While vacationing in San Francisco recently, my husband and I spent a relaxing afternoon walking along a quiet beach and exploring a cave. While we enjoyed our little picnic, we noticed three giddy teenage girls giggling, running around, and splashing in the water—seemingly without a care in the world. We envied their youthfulness, their energy, and their care-free attitudes. In comparison, we felt…old.
Here we were out on what could be called a good date, and we were talking about work of all things, while my husband was checking his email on his phone! It wasn’t that long ago that my husband and I had the vitality of those girls. What happened along the way? I don’t know anybody in their late twenties and early thirties who embody the kind of attitude that those girls had. Do we lose our youthfulness after we get “real jobs”? Or is it after we are strapped down with mortgage payments and the joys/burdens of having kids?

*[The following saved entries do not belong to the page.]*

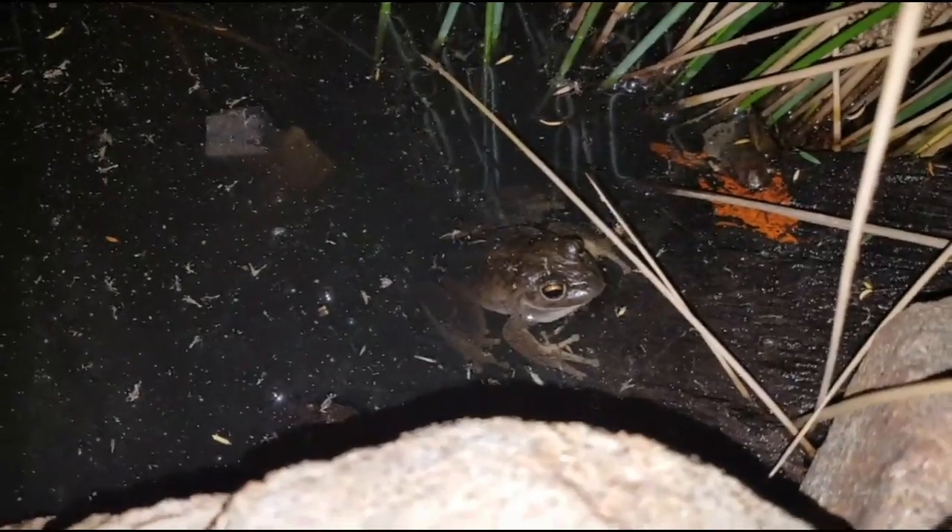G'day guys, Billy here. Right here you can see is a western banjo frog, and you can hear another one in one of my new ponds. This is a new pond here — it's just sitting there on a piece of wood waiting to get mosquitoes and insects and so forth.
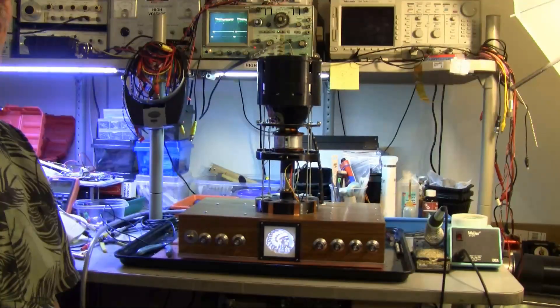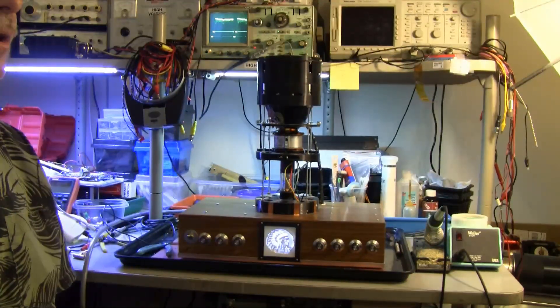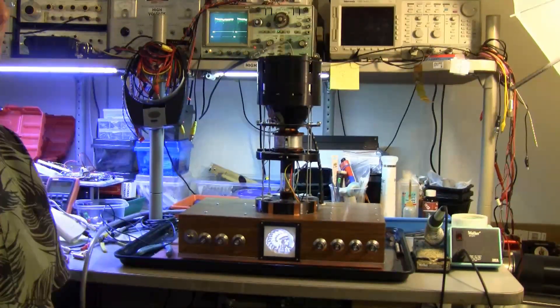Lab guy here. I was contacted by KOTV in Tulsa, Oklahoma last week — they had located their original test pattern monoscope from the earliest days of their television station. KOTV's 75th anniversary is coming up and they thought it might be interesting to see the test pattern in the tube once again. As you can see,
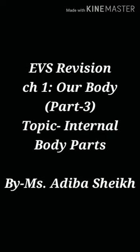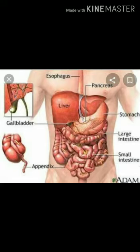Good morning students. Welcome to part 3 of EVS revision of chapter 1, Our Body. In this video we will take the topic internal body parts.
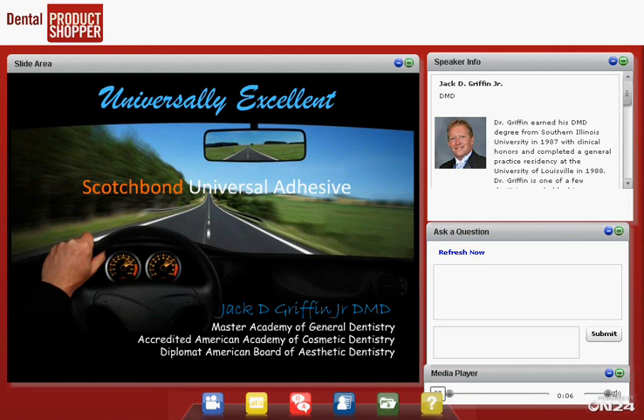Good evening, and thank you for joining us for this Dental Product Shopper webinar sponsored by 3M. My name is Julie Cullen, and I'm the managing editor of Dental Product Shopper magazine. We're pleased to have Dr. Jack Griffin with us this evening to talk about how simplifying materials can lead to long-term bonding and cementation.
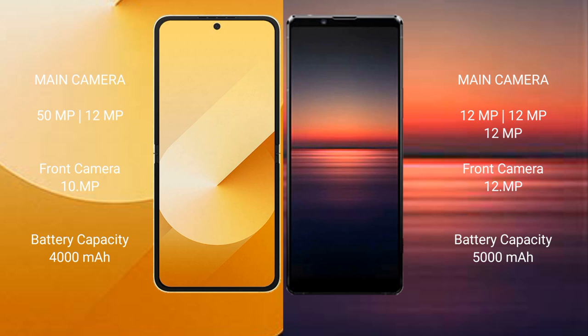Samsung Galaxy Z Flip 6 has a 4000mAh battery with 25W fast charging support. Sony Xperia 1 Mark 4 has a 5000mAh battery with 30W fast charging support.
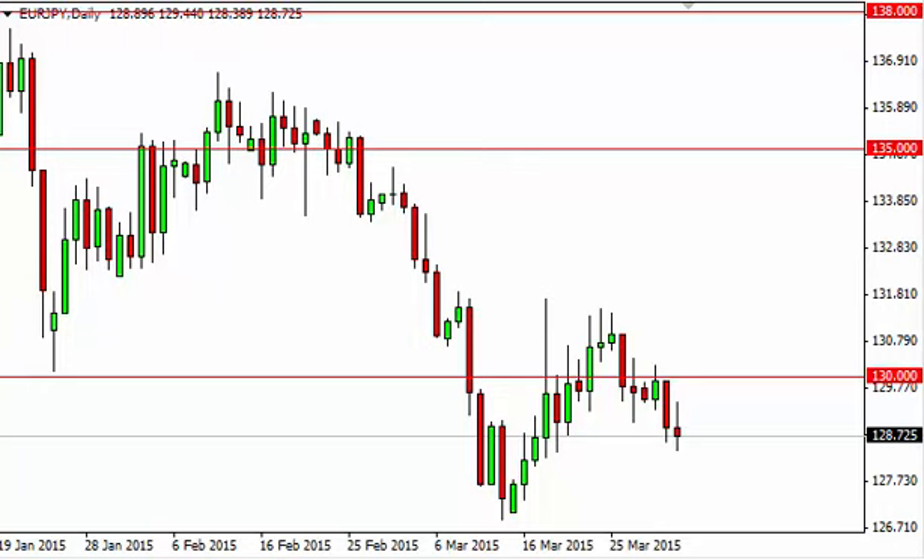Euro yen daily forecast April 2nd, FXEmpire.com. The euro yen, as you can see, did in fact have a slightly negative session. We really just more or less went back and forth during the day.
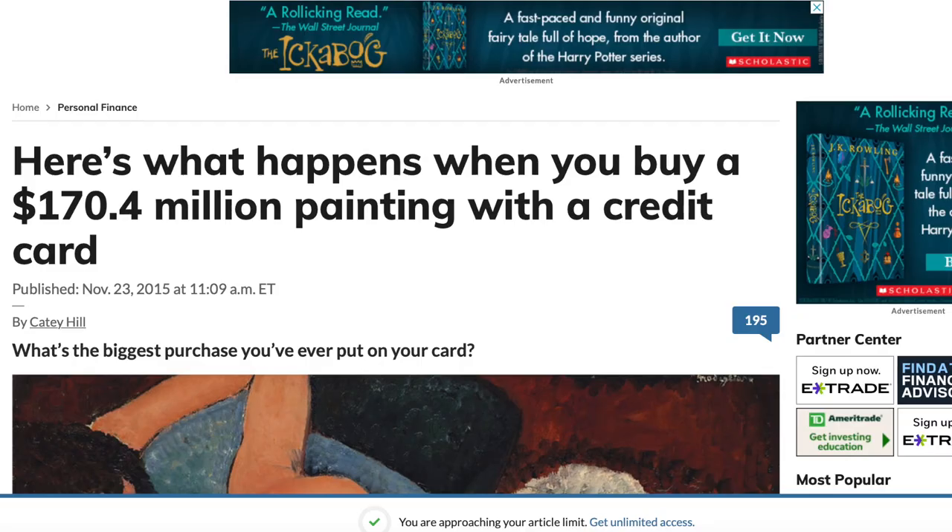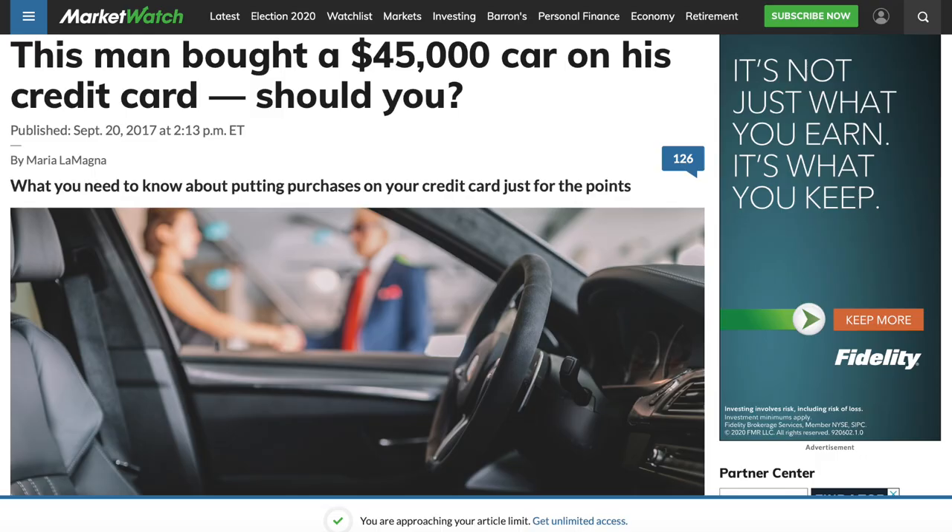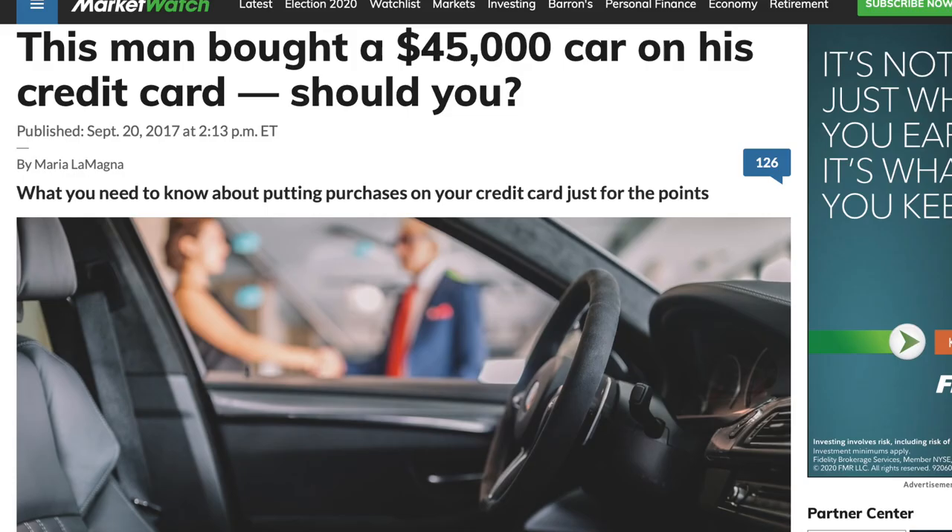Just check this guy out right here who used his American Express Centurion card to buy some art. Obviously he's a collector, and he's going to use that for his investment and to diversify his portfolio. And if you want a more simple, normal, nine-to-five type of example, just check this guy out right here who used his credit card to buy himself a Honda Odyssey.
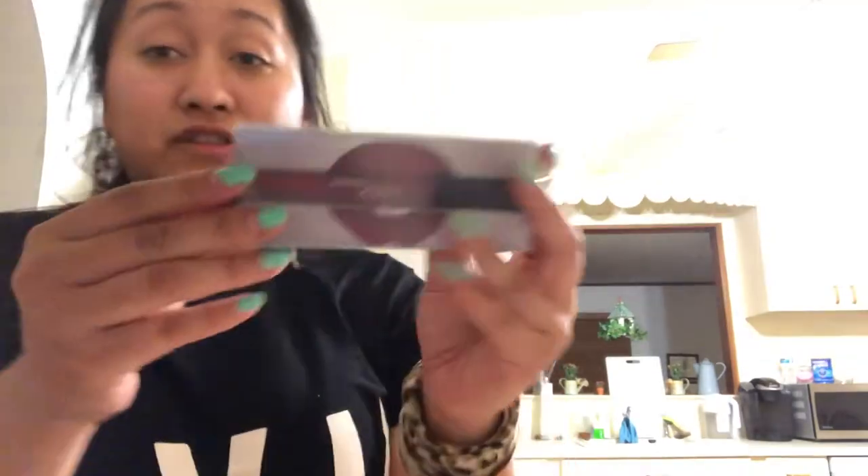This is the Huda Beauty Liquid Matte Lipstick in the color Trophy Wife. I'm going to be wearing that soon.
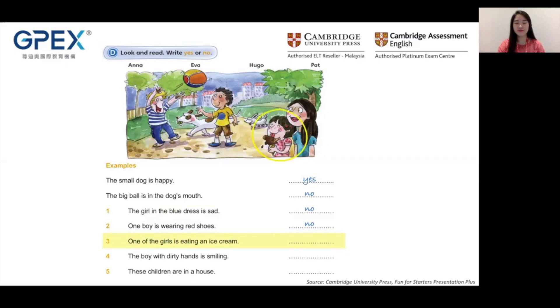Try question three: One of the girls is eating an ice cream. There are two girls in this picture. Is she eating an ice cream? Is that an ice cream? The answer is yes. Very good.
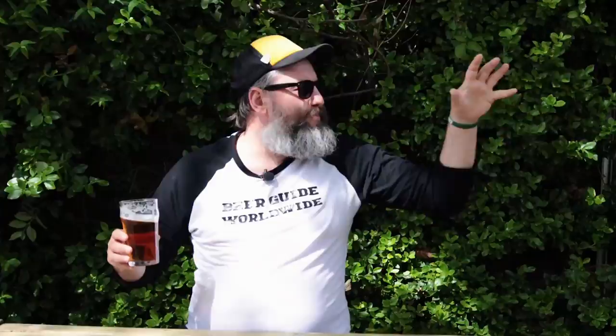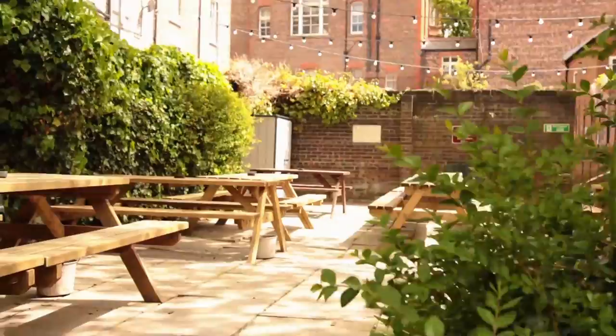Welcome to the beer garden — it's an amazing space. The sun is out, the birds are singing, the beer is cold, and there's space for about 80 people to sit and way more to stand around.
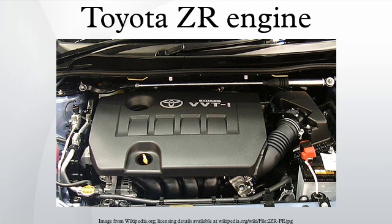Applications for the 2ZR-FXE: 2012 Toyota Prius V, 2011 Lexus CT 200h, 2010 Toyota Auris Hybrid, 2010 Toyota Prius.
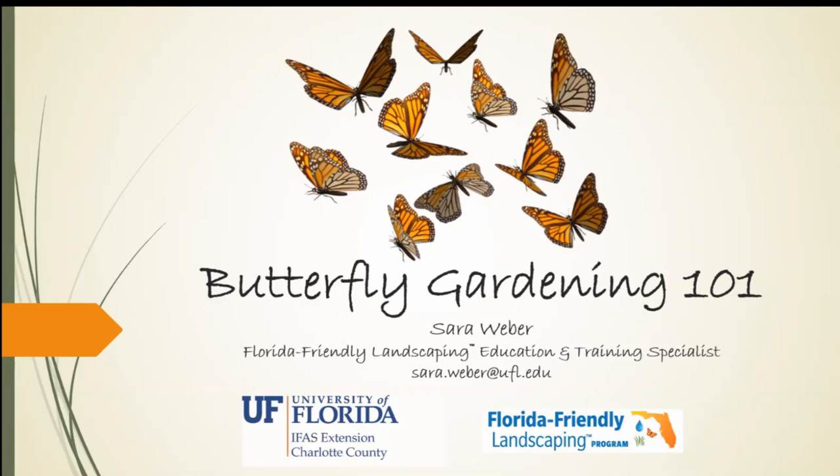All right. Once again, this is the first webinar I've done this way. I'm used to teaching in person and classroom style, so be patient with me. Hopefully we get through this well and you learn something new and you're inspired to go start your butterfly garden or add to it. I am Sarah Weber, the Florida-Friendly Landscaping Education and Training Specialist for the University of Florida Charlotte County office. I'm at my home right now in Punta Gorda; our office is in Port Charlotte.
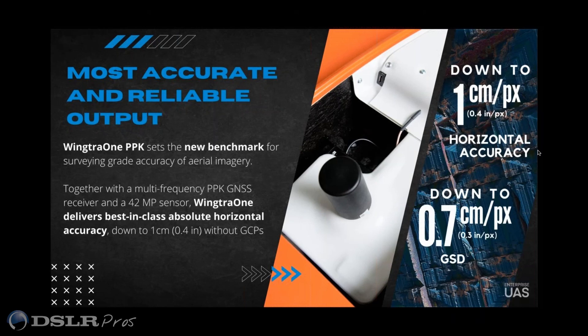It comes down to the resolution of the camera. The higher the resolution, the higher the accuracy. With our 42 megapixel sensor, it's extremely accurate. We can adjust different flight heights if you want to increase or decrease the ground sampling distance. What's nice about the project planning software is you enter in what you want the ground sampling distance to be, and it will tell you what the flight height is — you don't have to do any conversions. It sets that up for you.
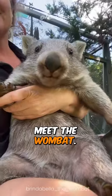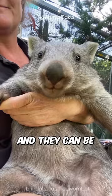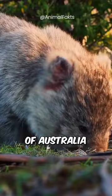Meet the wombat. There are three living species of wombat in the world, and they can be found in forests, mountains, and heathlands of Australia and Tasmania.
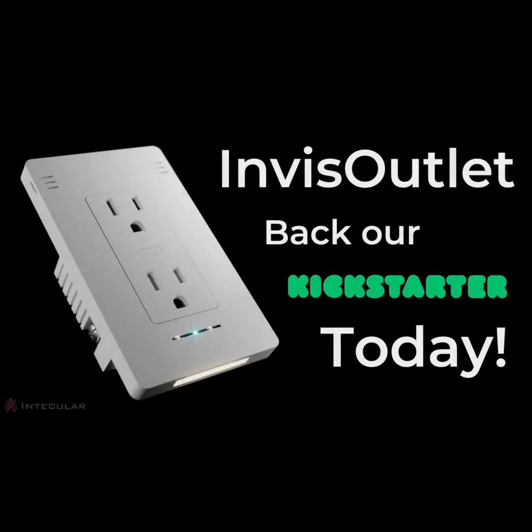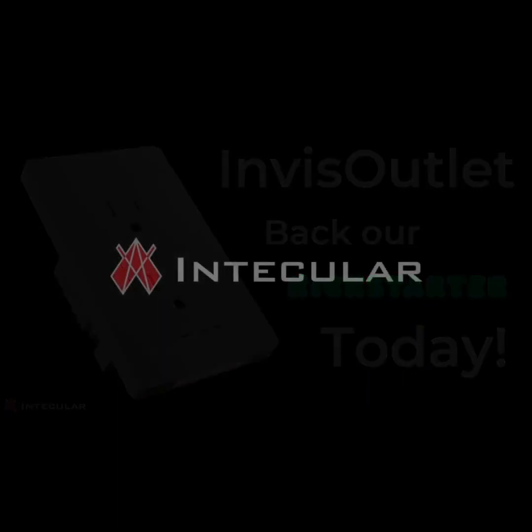We could go on, but to experience the magic of InVis Outlet for yourself, back this Kickstarter campaign now. InVis Outlet supports Matter, Apple HomeKit, Home Assistant, Amazon Alexa, Google Home, and more. Excited yet?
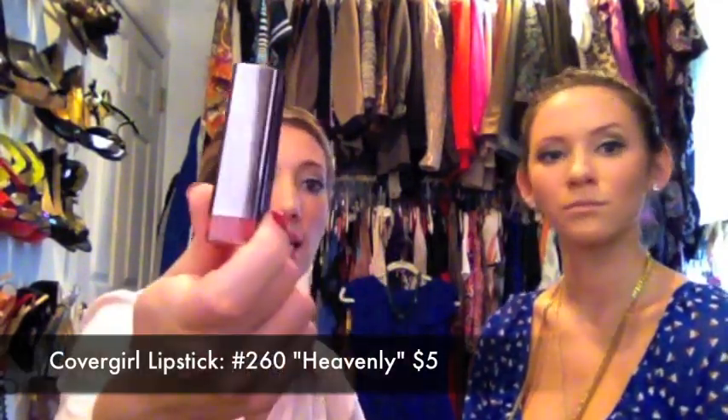The last thing is the lip. A go-to neutral I love and wear to work every day is Cover Girl in Heavenly, number 260 — it's a really pretty neutral color that looks good on everyone, great on TV and even for running errands. And then finally, Rosebud Salve. If you don't have this, get it because it's awesome. It looks like petroleum jelly — basically like Vaseline — but it gives you a nice shine and hydrates your lips. That's pretty much it.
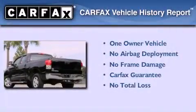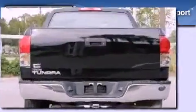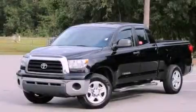This truck has had only one owner, and it qualifies for the Carfax buy-back guarantee. This automobile won't last long at this price — call and arrange a test drive now.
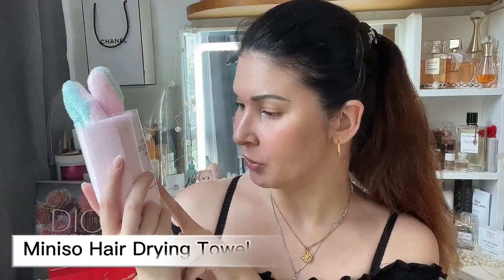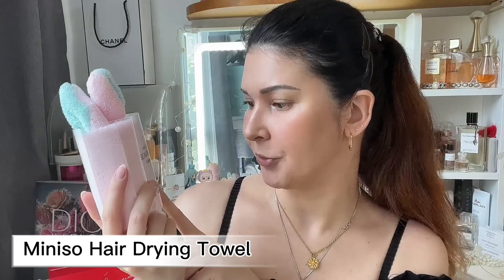Next up is a hair drying cap from a Chinese beauty tools brand. It should be a dupe for the Aquis hair drying towel, which I absolutely love, but mine is really old so I decided to try a new one. I haven't opened it yet, but it has some bunny ears — you put it on your head, twist it all up, and button it up.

As adults, we want to take vacations to “get away from it all.” But technology rarely lets you get away completely. And it’s even more difficult to turn off the annoying part of our brain that focuses on work and paying the bills (even when you are on a lovely date in a city thousands of miles away from home).
Those teenage girls served as a good reminder to let loose once in awhile and forget our day-to-day worries. It comforts me to think that buried deep down in all of us there is still that adolescent version of ourselves just itching to do something spontaneous and fun. Maybe we should all throw off our smelly shoes once in awhile and feel the sand between our toes.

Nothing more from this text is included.